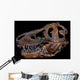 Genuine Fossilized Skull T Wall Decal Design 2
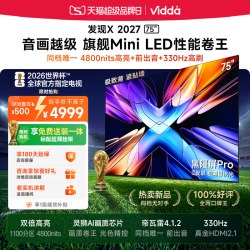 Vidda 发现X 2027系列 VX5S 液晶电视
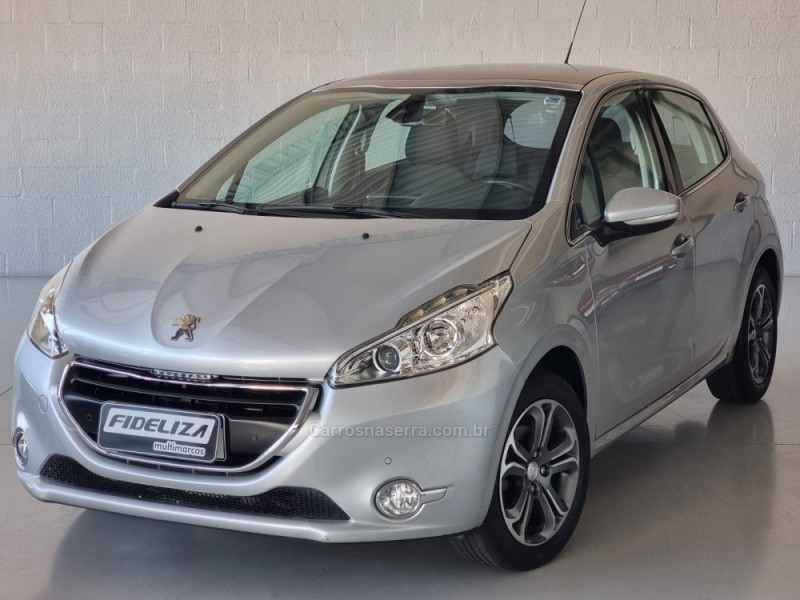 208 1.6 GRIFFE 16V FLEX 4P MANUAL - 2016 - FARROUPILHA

**ASSIGNMENT:** Since the pictures are not part of the copy, transcribe only the remaining material, exactly.

**ANSWER SPACE:**
 Genuine Fossilized Skull T Wall Decal Design 2
 Vidda 发现X 2027系列 VX5S 液晶电视
 208 1.6 GRIFFE 16V FLEX 4P MANUAL - 2016 - FARROUPILHA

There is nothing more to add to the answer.